Tony Darden

Profile
- Position: Defensive back

Personal information
- Born: August 11, 1975 (age 50) Baton Rouge, Louisiana, U.S.
- Listed height: 6 ft 0 in (1.83 m)
- Listed weight: 193 lb (88 kg)

Career information
- High school: Holmes (San Antonio, Texas)
- College: Texas Tech
- NFL draft: 1998: 7th round, 225th overall pick

Career history
- Minnesota Vikings (1998); San Diego Chargers (2000); Green Bay Packers (2001)*;
- * Offseason or practice squad member only

Awards and highlights
- Second-team All-Big 12 (1997);

Career NFL statistics
- Games played: 16
- Tackles: 20
- Stats at Pro Football Reference

= Tony Darden (American football) =

American football player (born 1975)

Tony Darden (born August 11, 1975) is an American former professional football player who was a defensive back in the National Football League (NFL).
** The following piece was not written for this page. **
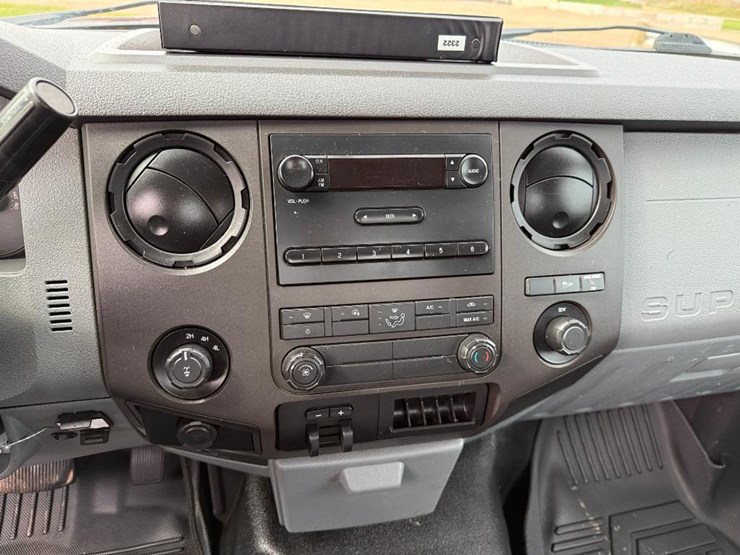 ford-f250-xl-image-50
He played college football for the Texas Tech Red Raiders.

==Early life==
Darden was born in Baton Rouge, Louisiana and grew up in San Antonio, Texas, where he attended and played football at Oliver Wendell Holmes High School. As a senior, he passed for 3,236 yards and 45 touchdowns.

==College career==
Darden was a member of the Texas Tech Red Raiders for five seasons, redshirting as a true freshman. He began his redshirt freshman season as a quarterback, starting the first three games of the season and splitting duties with Zebbie Lethridge before moving to wide receiver after five games. Darden changed positions again to cornerback before his junior season. As a senior, he recorded 32 tackles with four passes broken up and two interceptions and was named second team 1997 All-Big 12 Conference.

==Professional career==
Darden was selected in the seventh round of the 1998 NFL draft by the Minnesota Vikings. He spent his rookie season on injured reserve and was cut at the end of training camp in 1999. Darden was signed by the San Diego Chargers on January 18, 2000. Darden was waived during the 2001 offseason and claimed by the Green Bay Packers, who cut him during training camp.